4. 4721 sayılı Kanun’un 1007 nci maddesi uyarınca kabul edilen Devletin sorumluluğu, tapu sicilinin önemi ve kişilerin bu sicile olan güven duygularını sağlamak bakımından aynî hakkının saptanması, herkese açık tutulmasında tekel hakkı sağlayan bir sicil olması esasına dayanmaktadır. Bu sorumluluk, asıl ve nesnel (objektif) bir sorumluluk olduğundan zarara uğrayan zararının ödetilmesini doğrudan Devletten isteyebilir.

5. 4721 sayılı Kanun’un 1007 nci maddesi gereğince açılan davalarda, tapu kaydının iptali nedeniyle tapu sahibinin oluşan gerçek zararı neyse tazminatın miktarı da o kadar olmalıdır.

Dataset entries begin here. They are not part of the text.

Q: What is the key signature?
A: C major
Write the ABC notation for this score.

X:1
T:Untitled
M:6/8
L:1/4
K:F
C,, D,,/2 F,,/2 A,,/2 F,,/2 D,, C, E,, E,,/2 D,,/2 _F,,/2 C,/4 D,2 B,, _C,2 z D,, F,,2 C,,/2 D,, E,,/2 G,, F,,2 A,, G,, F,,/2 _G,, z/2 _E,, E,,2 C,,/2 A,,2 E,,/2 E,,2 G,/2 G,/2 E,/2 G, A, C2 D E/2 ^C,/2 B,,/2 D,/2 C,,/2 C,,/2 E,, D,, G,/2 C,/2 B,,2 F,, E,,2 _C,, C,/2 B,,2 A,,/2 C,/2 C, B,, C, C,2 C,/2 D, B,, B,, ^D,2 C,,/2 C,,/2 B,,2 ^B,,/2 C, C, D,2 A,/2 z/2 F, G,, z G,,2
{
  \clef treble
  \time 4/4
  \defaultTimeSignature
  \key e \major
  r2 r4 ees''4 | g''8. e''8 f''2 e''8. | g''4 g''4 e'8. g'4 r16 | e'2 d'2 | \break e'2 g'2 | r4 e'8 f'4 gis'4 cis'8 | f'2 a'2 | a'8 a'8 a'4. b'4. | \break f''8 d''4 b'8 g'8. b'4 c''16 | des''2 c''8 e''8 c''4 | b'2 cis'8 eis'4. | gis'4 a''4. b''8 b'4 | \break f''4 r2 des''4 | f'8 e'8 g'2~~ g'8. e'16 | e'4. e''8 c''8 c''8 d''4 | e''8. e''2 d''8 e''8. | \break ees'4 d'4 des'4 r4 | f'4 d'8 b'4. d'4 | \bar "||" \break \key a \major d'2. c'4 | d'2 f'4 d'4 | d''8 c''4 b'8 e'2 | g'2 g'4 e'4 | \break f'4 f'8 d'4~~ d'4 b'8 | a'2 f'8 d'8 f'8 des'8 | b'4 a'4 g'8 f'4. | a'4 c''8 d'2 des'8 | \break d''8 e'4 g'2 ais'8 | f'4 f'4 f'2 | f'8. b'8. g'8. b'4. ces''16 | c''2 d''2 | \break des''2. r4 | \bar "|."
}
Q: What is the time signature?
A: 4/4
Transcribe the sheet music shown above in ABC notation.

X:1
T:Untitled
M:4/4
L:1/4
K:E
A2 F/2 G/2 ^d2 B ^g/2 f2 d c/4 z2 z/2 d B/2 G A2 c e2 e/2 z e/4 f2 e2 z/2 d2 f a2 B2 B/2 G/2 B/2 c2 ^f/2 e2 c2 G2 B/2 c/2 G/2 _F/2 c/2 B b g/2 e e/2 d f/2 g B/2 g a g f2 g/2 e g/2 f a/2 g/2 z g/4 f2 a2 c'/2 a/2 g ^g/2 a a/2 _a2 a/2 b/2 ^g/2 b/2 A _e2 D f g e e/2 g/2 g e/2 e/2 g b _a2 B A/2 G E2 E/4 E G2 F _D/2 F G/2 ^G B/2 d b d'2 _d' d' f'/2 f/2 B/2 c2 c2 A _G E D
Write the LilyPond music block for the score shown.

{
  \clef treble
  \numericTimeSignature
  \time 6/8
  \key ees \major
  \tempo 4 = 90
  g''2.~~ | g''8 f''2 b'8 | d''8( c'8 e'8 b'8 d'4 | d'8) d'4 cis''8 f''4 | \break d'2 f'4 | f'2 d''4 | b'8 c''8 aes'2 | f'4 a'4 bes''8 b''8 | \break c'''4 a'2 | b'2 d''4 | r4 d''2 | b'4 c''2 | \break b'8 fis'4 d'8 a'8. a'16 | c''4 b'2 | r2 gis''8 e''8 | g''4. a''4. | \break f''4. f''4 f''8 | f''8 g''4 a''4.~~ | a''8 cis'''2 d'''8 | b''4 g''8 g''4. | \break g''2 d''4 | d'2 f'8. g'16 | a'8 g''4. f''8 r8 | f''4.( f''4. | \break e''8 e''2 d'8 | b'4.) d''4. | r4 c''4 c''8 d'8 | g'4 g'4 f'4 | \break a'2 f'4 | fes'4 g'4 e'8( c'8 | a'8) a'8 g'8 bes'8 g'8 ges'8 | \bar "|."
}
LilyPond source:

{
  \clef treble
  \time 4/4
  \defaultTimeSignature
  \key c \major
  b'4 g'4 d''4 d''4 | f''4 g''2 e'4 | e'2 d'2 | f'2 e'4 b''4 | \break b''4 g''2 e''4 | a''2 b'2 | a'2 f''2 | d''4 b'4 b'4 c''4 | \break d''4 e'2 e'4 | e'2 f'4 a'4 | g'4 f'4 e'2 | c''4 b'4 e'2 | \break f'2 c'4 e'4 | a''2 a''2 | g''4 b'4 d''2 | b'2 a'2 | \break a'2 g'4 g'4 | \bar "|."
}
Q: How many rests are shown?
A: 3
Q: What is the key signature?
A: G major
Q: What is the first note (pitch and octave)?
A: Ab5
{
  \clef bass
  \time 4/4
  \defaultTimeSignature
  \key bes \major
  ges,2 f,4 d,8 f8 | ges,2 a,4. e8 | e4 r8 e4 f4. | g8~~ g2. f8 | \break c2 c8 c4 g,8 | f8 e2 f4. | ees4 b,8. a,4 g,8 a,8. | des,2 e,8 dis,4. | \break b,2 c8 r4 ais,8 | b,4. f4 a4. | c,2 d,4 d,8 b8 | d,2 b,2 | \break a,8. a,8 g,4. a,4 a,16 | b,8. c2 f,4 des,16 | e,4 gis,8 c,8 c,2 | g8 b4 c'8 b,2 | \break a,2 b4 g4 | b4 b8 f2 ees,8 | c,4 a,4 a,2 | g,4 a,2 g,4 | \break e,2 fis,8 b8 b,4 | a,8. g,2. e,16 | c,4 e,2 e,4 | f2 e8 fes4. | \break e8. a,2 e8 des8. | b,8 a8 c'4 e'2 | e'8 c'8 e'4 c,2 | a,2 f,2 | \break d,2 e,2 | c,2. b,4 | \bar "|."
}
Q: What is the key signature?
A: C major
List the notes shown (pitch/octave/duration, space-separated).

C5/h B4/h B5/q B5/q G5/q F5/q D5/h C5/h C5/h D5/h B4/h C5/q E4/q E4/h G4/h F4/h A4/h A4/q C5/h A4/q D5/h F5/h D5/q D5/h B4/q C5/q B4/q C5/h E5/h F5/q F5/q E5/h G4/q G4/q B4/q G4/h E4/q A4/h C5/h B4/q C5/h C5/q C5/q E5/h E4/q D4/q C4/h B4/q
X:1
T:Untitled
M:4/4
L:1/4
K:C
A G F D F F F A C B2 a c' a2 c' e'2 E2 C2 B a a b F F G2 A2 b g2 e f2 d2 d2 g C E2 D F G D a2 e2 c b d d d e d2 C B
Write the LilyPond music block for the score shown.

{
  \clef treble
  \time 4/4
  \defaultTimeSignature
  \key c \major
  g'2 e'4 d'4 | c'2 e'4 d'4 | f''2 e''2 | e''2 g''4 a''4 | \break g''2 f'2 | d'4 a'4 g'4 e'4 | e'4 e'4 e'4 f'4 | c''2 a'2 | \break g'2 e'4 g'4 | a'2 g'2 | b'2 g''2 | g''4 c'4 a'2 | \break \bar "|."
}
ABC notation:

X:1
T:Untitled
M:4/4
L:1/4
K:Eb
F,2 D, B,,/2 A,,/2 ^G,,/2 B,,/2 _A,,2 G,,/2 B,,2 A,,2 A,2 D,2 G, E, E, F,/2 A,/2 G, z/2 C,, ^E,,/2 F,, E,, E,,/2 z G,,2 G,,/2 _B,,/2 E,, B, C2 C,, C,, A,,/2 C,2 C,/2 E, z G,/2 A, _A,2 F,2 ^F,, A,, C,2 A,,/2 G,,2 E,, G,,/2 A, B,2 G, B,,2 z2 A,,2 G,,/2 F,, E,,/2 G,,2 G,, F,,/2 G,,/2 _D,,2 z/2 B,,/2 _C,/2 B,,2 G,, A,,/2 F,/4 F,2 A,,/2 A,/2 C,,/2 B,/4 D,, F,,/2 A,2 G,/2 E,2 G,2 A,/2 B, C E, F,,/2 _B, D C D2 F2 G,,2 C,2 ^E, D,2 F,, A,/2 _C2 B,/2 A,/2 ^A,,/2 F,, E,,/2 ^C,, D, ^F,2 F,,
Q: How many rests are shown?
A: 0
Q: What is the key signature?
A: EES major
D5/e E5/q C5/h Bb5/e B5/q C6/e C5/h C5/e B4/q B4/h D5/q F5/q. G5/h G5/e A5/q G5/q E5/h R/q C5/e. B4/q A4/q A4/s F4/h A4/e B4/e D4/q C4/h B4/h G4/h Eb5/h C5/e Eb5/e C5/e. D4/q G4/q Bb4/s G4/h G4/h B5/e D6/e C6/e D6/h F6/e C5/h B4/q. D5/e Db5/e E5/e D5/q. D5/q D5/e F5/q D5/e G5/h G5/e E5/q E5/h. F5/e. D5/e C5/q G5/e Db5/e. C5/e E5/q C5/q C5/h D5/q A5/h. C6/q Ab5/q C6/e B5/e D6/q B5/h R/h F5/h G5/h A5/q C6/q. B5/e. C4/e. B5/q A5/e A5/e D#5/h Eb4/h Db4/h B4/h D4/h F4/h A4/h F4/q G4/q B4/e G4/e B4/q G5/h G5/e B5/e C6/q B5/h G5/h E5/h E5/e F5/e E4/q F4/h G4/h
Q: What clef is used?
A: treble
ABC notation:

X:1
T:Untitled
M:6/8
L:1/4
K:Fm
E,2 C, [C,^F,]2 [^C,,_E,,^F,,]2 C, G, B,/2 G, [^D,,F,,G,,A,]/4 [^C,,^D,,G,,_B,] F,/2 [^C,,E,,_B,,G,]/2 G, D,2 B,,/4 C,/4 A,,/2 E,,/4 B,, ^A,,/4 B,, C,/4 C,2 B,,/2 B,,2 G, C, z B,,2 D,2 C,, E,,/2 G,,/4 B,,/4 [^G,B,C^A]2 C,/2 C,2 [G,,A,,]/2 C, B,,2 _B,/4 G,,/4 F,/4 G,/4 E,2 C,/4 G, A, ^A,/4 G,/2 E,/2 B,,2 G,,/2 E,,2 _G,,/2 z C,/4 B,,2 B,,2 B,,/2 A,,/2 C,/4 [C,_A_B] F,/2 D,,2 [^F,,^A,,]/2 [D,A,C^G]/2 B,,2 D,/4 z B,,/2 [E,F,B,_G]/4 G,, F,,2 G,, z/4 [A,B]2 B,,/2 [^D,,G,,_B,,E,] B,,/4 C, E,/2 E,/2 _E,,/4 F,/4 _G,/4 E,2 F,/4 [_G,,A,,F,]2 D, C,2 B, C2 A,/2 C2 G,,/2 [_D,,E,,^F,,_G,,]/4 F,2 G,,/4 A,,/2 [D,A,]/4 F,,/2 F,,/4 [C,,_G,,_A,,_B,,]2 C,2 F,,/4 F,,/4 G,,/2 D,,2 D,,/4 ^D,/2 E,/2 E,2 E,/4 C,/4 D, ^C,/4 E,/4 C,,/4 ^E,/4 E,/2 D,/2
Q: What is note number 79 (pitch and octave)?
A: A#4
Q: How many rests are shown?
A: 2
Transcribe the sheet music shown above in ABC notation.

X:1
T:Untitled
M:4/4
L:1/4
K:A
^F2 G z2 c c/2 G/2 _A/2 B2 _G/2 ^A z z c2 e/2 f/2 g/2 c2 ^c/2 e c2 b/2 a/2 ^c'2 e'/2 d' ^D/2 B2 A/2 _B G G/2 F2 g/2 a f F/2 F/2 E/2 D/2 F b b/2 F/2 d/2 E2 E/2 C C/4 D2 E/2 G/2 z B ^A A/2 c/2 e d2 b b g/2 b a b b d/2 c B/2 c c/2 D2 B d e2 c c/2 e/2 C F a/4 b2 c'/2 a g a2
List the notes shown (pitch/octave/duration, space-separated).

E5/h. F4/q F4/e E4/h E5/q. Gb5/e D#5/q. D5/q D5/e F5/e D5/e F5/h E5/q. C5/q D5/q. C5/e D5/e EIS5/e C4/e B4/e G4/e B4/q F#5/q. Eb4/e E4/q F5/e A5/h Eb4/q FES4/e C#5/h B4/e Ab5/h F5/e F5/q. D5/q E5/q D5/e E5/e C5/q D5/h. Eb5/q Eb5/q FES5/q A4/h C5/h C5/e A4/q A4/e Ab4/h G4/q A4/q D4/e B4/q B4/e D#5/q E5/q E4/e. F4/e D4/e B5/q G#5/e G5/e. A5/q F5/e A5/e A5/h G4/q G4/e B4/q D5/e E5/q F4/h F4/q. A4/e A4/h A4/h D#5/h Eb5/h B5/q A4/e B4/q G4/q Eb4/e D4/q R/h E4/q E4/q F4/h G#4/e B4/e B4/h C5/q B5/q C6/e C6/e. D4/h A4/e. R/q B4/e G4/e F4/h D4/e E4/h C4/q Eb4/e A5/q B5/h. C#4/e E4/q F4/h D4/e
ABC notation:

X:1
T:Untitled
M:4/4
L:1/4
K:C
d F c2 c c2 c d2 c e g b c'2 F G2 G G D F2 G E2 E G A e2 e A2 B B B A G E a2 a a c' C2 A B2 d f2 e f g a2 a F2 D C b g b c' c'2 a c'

Gerçek zarar, tapu kaydının iptali nedeniyle tapu malikinin mal varlığında meydana gelen azalmadır. Tazminat miktarı zarar verici eylem gerçekleşmemiş olsaydı zarar görenin mal varlığı ne durumda olacak idiyse aynı durumun tesis edilebileceği miktarda olmalıdır. Zarara uğrayan kişinin gerçek zararı ise tazminat miktarının belirlenmesinde esas alınacak değerlendirme tarihine göre belirlenecek olup bu tarihe göre tapusu iptal edilen taşınmazın niteliği ve değeri belirlenmelidir. Taşınmazın niteliği arazi ise net gelir metodu yöntemi ile arsa vasfında ise değerlendirme gününden önceki özel amacı olmayan emsal satışlara göre hesaplanması suretiyle gerçek değer belirlenmelidir.

3. Değerlendirme

1. Bölge adliye mahkemelerinin nihaî kararlarının bozulması 6100 sayılı Kanun'un 371 inci maddesi ile 369 uncu maddesinin birinci fıkrasında yer alan sebeplerden birinin varlığı hâlinde mümkündür.

2.Temyizen incelenen karar, tarafların karşılıklı iddia ve savunmalarına, dayandıkları belgelere, uyuşmazlığa uygulanması gereken hukuk kuralları ile hukukî ilişkinin nitelendirilmesine, dava şartlarına, yargılama ve ispat kuralları ile kararda belirtilen gerekçelere göre usul ve kanuna uygun olup temyiz dilekçesinde ileri sürülen nedenler kararın bozulmasını gerektirecek nitelikte görülmemiştir.

VI. KARAR

Davalı Hazine vekilinin yerinde görülmeyen tüm temyiz itirazlarının reddiyle usul ve kanuna uygun Bölge Adliye Mahkemesi kararının 6100 sayılı Kanun’un 370 inci maddesinin birinci fıkrası uyarınca ONANMASINA,

Davalı Hazine harçtan muaf olduğundan harç alınmamasına,

Dosyanın İlk Derece Mahkemesine, kararın bir örneğinin Bölge Adliye Mahkemesine gönderilmesine,

08.01.2024 tarihinde oy birliğiyle karar verildi.